Ming says he would stay with the family business for at least five years, and maybe as long as 10 years. Duerr says that’s a smart move, and it will help to pay the bills and allow Ming and Mandy to leave their retirement assets more time to potentially grow and recover to levels prior to the market crash of 2008.

The couple will receive pensions totaling $69,000 a year at age 60, and then Social Security will be close to paying out. At 66, Ming would receive $26,400 a year and at 62, Mandy would receive $18,000.

“Their gross income at that point, not including possible earnings from their business or retirement plan distributions, would be approximately $113,000,” he says. “If they are able to delay taking Mandy’s Social Security until she is eligible for full benefits at 66 and 4 months, her Social Security would increase by $7,200 per year.”
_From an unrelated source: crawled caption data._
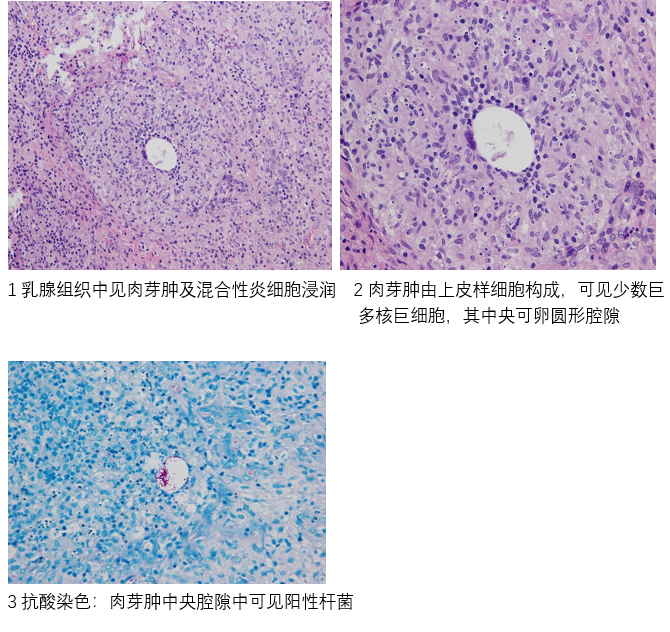 肉芽肿性小叶性乳腺炎glm的病理诊断(作者:杜玉堂)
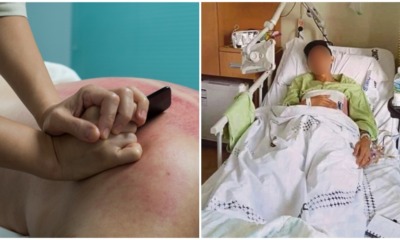 36yo Man Suffers From A Sudden Stroke After Going For Gua Sha Massage Treatment - WORLD OF BUZZ 4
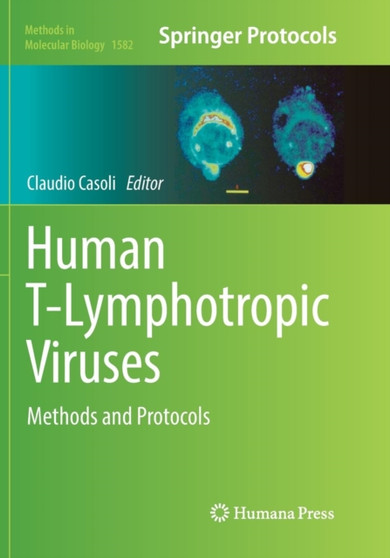 Human T-Lymphotropic Viruses : Methods and Protocols : 1582 by Claudio Casoli - Paperback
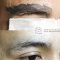 LASER TATTOO REMOVAL 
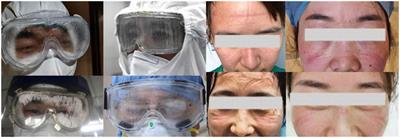 Emphasis on heat strain to the ocular surface: A functional and clinical study of a modified goggle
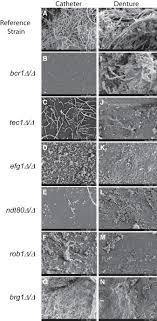 Bio Development In Candida Albicans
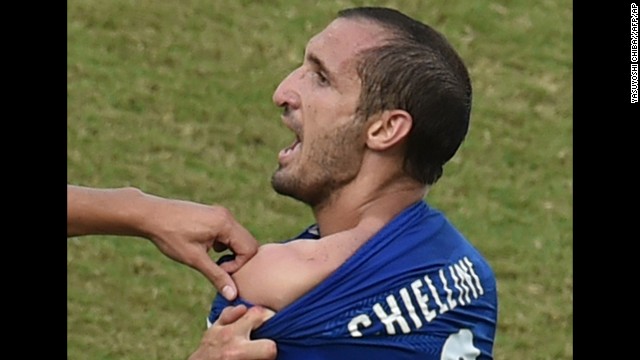 Chiellini shows an apparent bite mark on his shoulder. "Suarez is a sneak, and he gets away with it because FIFA want their stars to play in the World Cup," Chiellini told Sky Sports Italia.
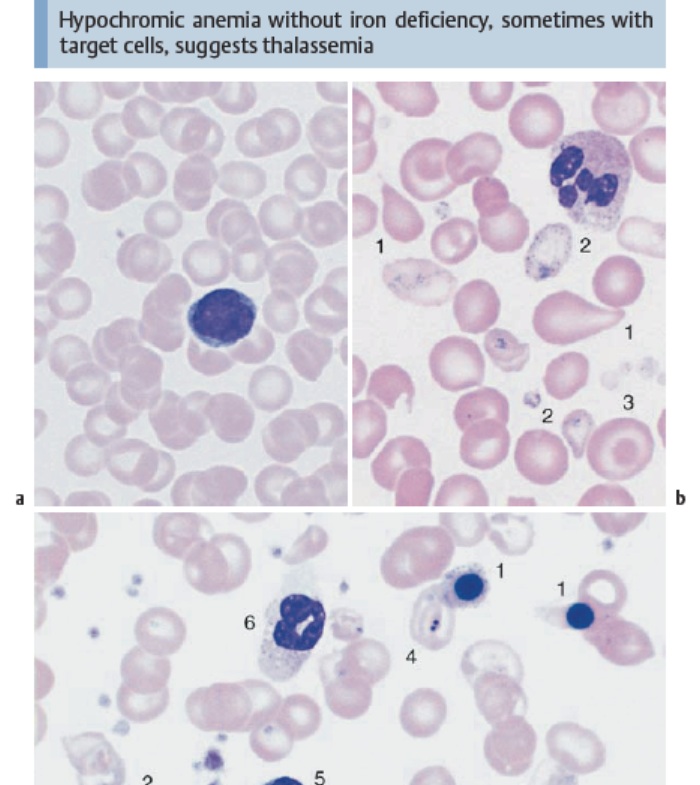 color atlas of hematology practical microscopic and clinical diagnosis pdf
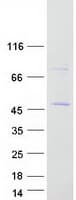 Human ZNF435 / ZSCAN16 Protein (Recombinant Myc-DDK (Flag))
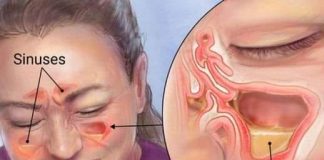 EVO BRZOG NAČINA ZA LIJEČENJE INFEKCIJE SINUSA: Pripremite ovaj domaći napitak i svjedočite ČUDU! (RECEPT)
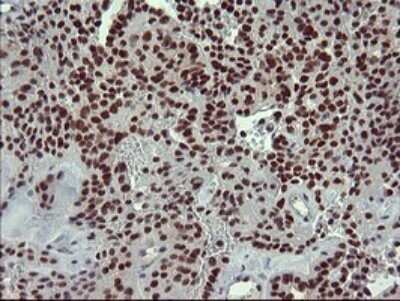 Immunohistochemistry: GRF2 Antibody (OTI2F5) - Azide and BSA Free [NBP2-70846]
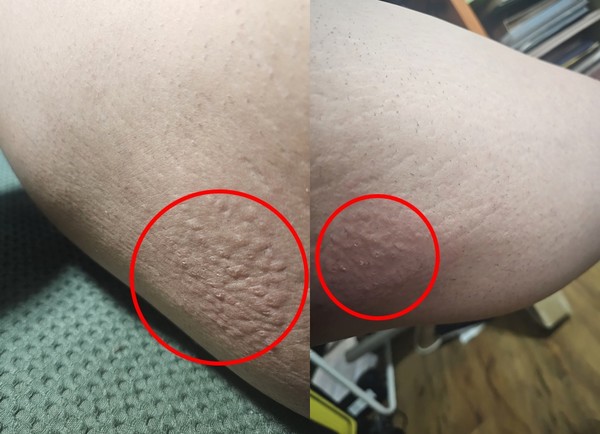 ▲ 제모 스프레이를 뿌린 피부에 수포처럼 피부가 올라왔다
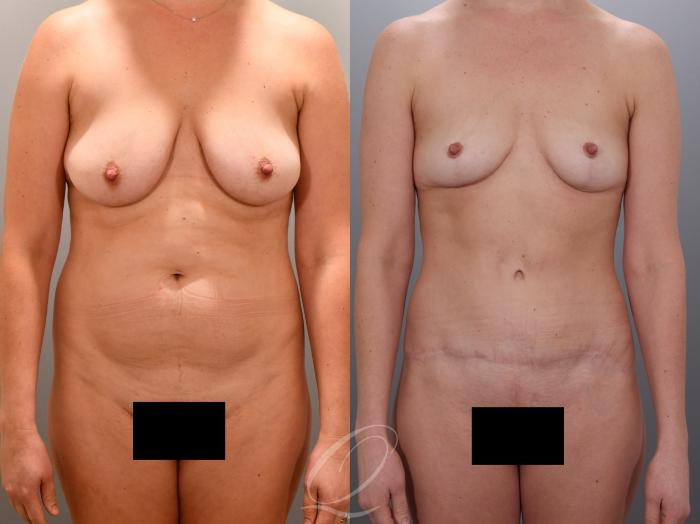 Mommy Makeover Case 1001974 Before & After Front | Serving Rochester, Syracuse & Buffalo, NY | Quatela Center for Plastic Surgery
That all sets up the decision-making.

The Shore house is a considerable expense for the couple, and they’re thinking of renting out the property, but they’re concerned about being landlords. Duerr says rental income would be a help in paying the bills to maintain the home, but they need to decide if it will be worth the possible headaches. Plus, they like to use the property, which they can’t do if they have a tenant.

“If they are concerned about being landlords, I would suggest that the best thing to do would be to continue to have the two homes for now, but realize that they will need to sell either the Shore home or the primary residence when Mandy retires,” he says.

This gives them four years to decide where they’d want to live, and hopefully the housing market will improve before they sell.

When Ming works solely in the family business, they should consider making retirement contributions for him. He has several different self-employed retirement plans to choose from, and while Mandy is still working, she should save as much as possible in her plan.

The couple has enough life insurance at this time, but long-term care insurance should be a consideration. But Ming has a health condition and he may not be able to qualify for a plan. Even if he did, Duerr thinks the couple couldn’t handle the premiums as long as they own both homes. They should take another look after they sell one of the properties, he says.

“They need to consider and give serious thought to the various options they have. This way they can make a truly informed decision that they have thought long and hard about,” he says. “Once they are fully retired and sell one of their homes, their expenses will drop significantly. Once this occurs they should be able to live the frugal retirement they are longing for.”